Examples of Sampling Problems
- A study assessing product strength defines the population as the output of the standard manufacturing process. Abnormal conditions (e.g., power failure, machine setting drifting) can cause outliers.
- These outliers can be legitimately removed because they do not reflect the target population.
- In a bone density study, a subject with diabetes was identified as an outlier and excluded because the study aimed to model bone density growth in pre-adolescent girls without health conditions affecting bone growth.
- If it can be established that an item or person does not represent the target population, the data point can be removed, provided there is a specific cause or reason.
Natural Variation
- Natural variation can also produce outliers, which is not necessarily a problem.
- All data distributions have a spread of values, and extreme values can occur with lower probabilities.
- Large sample sizes are more likely to contain unusual values.
- A normal distribution will have approximately 1 in 340 observations at least three standard deviations away from the mean.
- The process or population being studied might naturally produce weird values, which are a normal part of the data distribution.
Example of Natural Variation Causing an Outlier
- A model using historical U.S. Presidential approval ratings to predict historian ranks is affected by President Truman, who had an extremely low approval rating but a relatively good historian rank.
- Removing this data point improves the model fit but is not justifiable because it reflects the potential surprises and uncertainty inherent in the political system.
- It’s bad practice to remove data points simply to produce a better fitting model or statistically significant results.
- If an extreme value is a legitimate observation and a natural part of the population, it should be included in the dataset.
Guidelines for Dealing with Outliers
- Sometimes it’s best to keep outliers in the data because they can capture valuable information.
- Excluding extreme values solely due to their extremeness can distort results by removing information about inherent variability.
- Evaluate whether an outlier appropriately reflects the target population, subject area, research question, and research methodology.
- Consider whether anything unusual happened during measurement or if there is anything substantially different about the observation.
- Check for measurement or data entry errors.

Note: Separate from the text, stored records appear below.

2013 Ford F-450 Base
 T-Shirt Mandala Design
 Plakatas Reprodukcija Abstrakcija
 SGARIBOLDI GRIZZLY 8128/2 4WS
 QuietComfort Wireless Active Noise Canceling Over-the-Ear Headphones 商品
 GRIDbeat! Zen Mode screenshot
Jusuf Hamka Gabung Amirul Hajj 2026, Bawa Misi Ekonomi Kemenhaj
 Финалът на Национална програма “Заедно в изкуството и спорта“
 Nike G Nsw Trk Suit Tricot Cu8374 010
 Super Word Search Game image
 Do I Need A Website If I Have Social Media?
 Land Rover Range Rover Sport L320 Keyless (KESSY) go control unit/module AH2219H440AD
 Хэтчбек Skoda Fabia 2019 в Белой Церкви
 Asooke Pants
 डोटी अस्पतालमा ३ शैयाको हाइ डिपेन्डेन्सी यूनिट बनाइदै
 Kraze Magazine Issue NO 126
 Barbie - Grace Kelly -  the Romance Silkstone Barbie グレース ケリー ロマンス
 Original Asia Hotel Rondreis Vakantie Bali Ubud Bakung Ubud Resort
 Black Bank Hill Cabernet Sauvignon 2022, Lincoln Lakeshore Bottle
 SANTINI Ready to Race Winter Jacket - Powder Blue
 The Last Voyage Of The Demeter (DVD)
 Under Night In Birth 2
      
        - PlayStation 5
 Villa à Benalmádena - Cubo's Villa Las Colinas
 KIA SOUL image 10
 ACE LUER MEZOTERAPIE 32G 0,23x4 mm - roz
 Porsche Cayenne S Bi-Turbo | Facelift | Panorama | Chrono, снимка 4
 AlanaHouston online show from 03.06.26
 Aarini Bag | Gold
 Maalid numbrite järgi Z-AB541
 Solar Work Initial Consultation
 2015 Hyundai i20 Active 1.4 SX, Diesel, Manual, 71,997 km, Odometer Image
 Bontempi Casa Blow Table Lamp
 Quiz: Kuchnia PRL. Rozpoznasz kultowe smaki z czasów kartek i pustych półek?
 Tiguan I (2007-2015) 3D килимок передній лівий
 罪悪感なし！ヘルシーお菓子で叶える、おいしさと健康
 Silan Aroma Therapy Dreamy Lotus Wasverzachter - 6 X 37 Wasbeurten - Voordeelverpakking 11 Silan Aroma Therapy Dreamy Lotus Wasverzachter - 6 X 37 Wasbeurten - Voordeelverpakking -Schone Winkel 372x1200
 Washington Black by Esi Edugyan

Actions Based on Outlier Type
Measurement or data entry error: Correct if possible; otherwise, remove the observation.
Not part of the population: Remove the outlier.
Natural part of the population: Do not remove.
When removing outliers, document the excluded data points and explain the reasoning.
Be able to attribute a specific cause for removing outliers.
Alternatively, perform the analysis with and without the outliers to discuss the differences, especially when unsure about removing an outlier or when there is disagreement within a group.